**TASK BRIEF:** Return every line from the records below in which the word "Earrings" is found.

**INFORMATION SUPPLIED:**
================
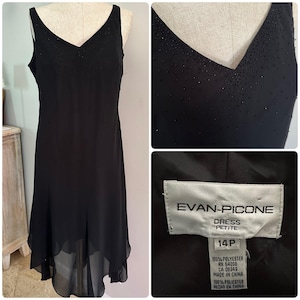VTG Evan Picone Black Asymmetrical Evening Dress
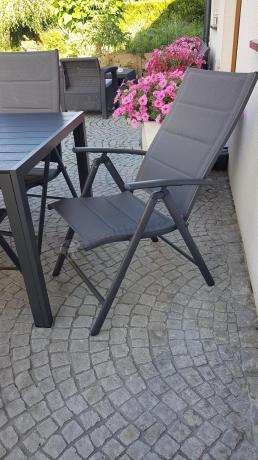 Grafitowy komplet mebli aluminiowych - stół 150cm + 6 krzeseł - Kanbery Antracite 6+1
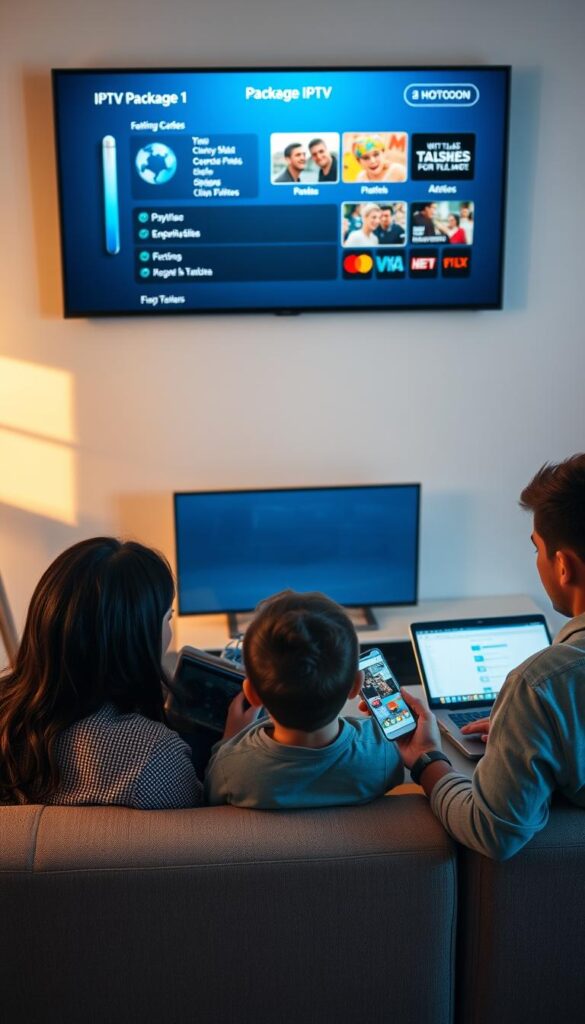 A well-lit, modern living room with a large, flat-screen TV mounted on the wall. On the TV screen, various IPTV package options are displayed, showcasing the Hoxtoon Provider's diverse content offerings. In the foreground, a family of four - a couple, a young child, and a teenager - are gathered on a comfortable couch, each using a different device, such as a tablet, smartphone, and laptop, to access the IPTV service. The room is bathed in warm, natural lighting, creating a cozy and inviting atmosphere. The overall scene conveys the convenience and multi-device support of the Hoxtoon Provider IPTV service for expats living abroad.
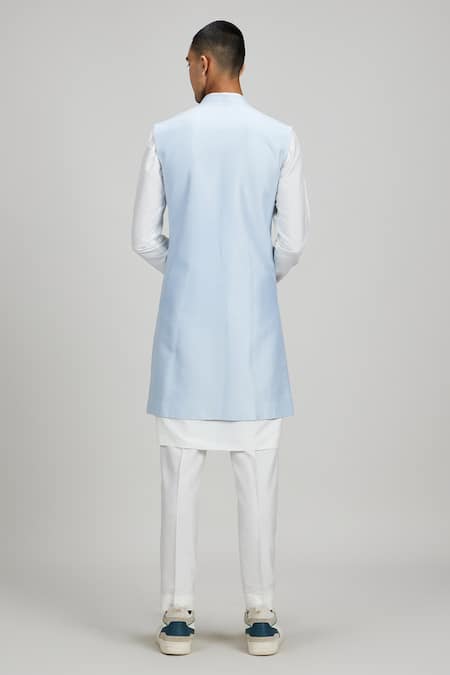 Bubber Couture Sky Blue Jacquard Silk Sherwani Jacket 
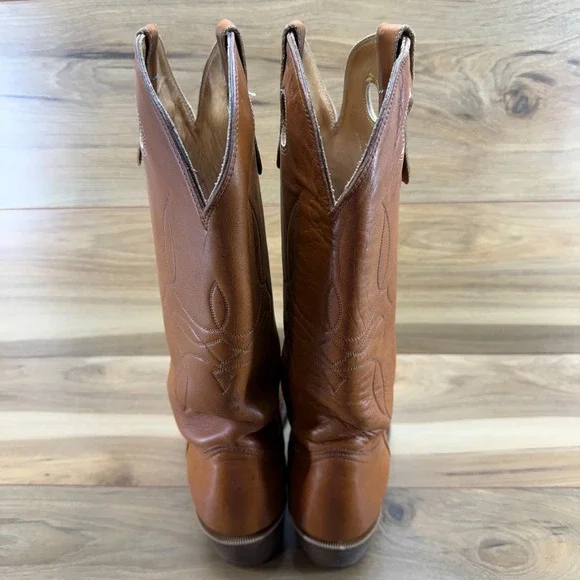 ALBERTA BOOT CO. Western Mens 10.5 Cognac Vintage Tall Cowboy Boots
================
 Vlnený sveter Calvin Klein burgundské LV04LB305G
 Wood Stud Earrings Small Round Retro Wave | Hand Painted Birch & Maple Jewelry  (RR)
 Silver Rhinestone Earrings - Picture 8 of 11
================
**REPLY:**
 Wood Stud Earrings Small Round Retro Wave | Hand Painted Birch & Maple Jewelry  (RR)
 Silver Rhinestone Earrings - Picture 8 of 11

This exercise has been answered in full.